Wij kunnen ons onderscheiden door te denken en te ontwikkelen vanuit de werkprocessen binnen de zorg. Ik vroeg me af: hoe kan ik met mijn bedrijf de zorgbranche helpen zorgen?

Hoe is Vcare begonnen met het leveren aan de zorgbranche?

Telefonie is al jaren een “ingang” binnen het bedrijfsleven om een afspraak te maken of vragen te stellen, zo ook voor de zorg. Rond 2002 werden de eerste huisartsenposten opgericht, een nieuw fenomeen binnen de zorg. Huisartsenposten kwamen met twee uitdagingen.

Wij zijn in staat maatwerk te leveren omdat we alles zelf ontwikkelen. Dat is onze kracht.

De eerste uitdaging zat hem in het inkomend belverkeer. Net zoals in een callcenter was er veel telefonisch contact, maar hier ging het om zorgvragen. De telefooncentrales die voor callcenters ontwikkeld waren, pasten niet binnen de zorg. De eerstelijns zorg gaat om menselijk contact en kwaliteit, niet om massaal bellen zoals in een callcenter. Bij een callcenter kwam het voor dat de lijn in gesprek was als je belde. In de zorg is dat natuurlijk geen optie, vooral wanneer het een spoedgeval is. Wij losten dit op met een specifieke wachtrij voor spoedoproepen waardoor iemand altijd bij een zorgverlener terecht kwam.

De tweede uitdaging zat hem in praktische beperkingen. De beschikbare zakelijke callcenter software was, en is nog steeds, te complex voor de zorgbranche en biedt niet de juiste functionaliteiten. Het Vcare platform is aangepast naar de zorg, waardoor zorgverleners de functionaliteiten zien die ze echt nodig hebben.

Wat is het grootste verschil tussen 2002 en 2022?

Laten we beginnen met een uitdaging waar wij allen een verandering in kunnen aanbrengen: het ongezond consumeren van zorg. Sinds de privatisering van de zorg betalen we feitelijk voor de zorg. Wij vinden allen dan ook dat wij rechten hebben: recht op antwoord op onze zorgvraag. En dan wel nu, niet morgen. De zorgvraag is eigenlijk een zorgeis geworden, we overvragen de zorg.
Verder moet de zorg gaan kijken hoe de zorg van overmorgen eruit ziet.

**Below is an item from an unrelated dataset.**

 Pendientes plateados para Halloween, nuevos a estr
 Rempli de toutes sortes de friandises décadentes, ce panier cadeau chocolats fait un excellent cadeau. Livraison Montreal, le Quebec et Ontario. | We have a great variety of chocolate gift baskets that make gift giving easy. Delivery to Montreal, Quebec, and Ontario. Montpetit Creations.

De innovaties worden in rap tempo ontwikkeld maar de zorg is hier nog niet klaar voor door de vele regels en eisen. De digitale ontwikkeling van de patiënt gaat sneller dan dat een van de grootste branches in ons land bij kan houden.

Hoe ondersteun jij zodat de zorg kan zorgen?

De zorg kan vooral profiteren van het goed overbrengen van innovatie. De zorg is gefocust op menselijk handelen, niet op de techniek. Daarom kunnen we inzichtelijk maken hoe de techniek en innovaties kunnen helpen in het werkproces in zorg. En zo meer ruimte creëren om patiënten te helpen.

Ik hoop dat we met AI van toegevoegde waarde kunnen zijn voor de gezondheidszorg, zodat onze kinderen en kleinkinderen ook kwalitatief goede zorg kunnen krijgen.

Welke gebeurtenis van de afgelopen 20 jaar is je bijgebleven?

Het moment waarop we besloten hebben om zelf te gaan ontwikkelen in 2014. Omdat wij alles nu zelf maken kunnen we dingen ook aanpassen én maatwerk voor de zorg ontwikkelen. Dat is onze kracht.
Eerst werkten we voornamelijk met externe bedrijven voor het programmeren. Uiteindelijk hebben we deze werknemers zelf in dienst genomen. Toen onze Manager Softwareontwikkeling hier 3 jaar geleden in dienst kwam heb ik gezegd: “ik denk dat jij een team op gaat zetten”. Maar we wisten dat het lastig was om programmeurs te vinden. Toch is het ons gelukt, nu hebben we in-huis een volledig R&D-team zitten. Programmeurs en ontwikkelaars blijken ons namelijk ook interessant te vinden. Dat komt door onze maatschappelijke drijfveer. We willen een product leveren dat bijdraagt aan de maatschappij, iets wat zinvol is en ook door henzelf gebruikt wordt.

Wat hoop je voor de aankomende 20 jaar?

Ik hoop dat we zeker met AI (Artificial Intelligence, kunstmatige intelligentie) van toegevoegde waarde kunnen zijn voor de gezondheidszorg, zodat onze kinderen en kleinkinderen ook van kwalitatief goede zorg kunnen genieten.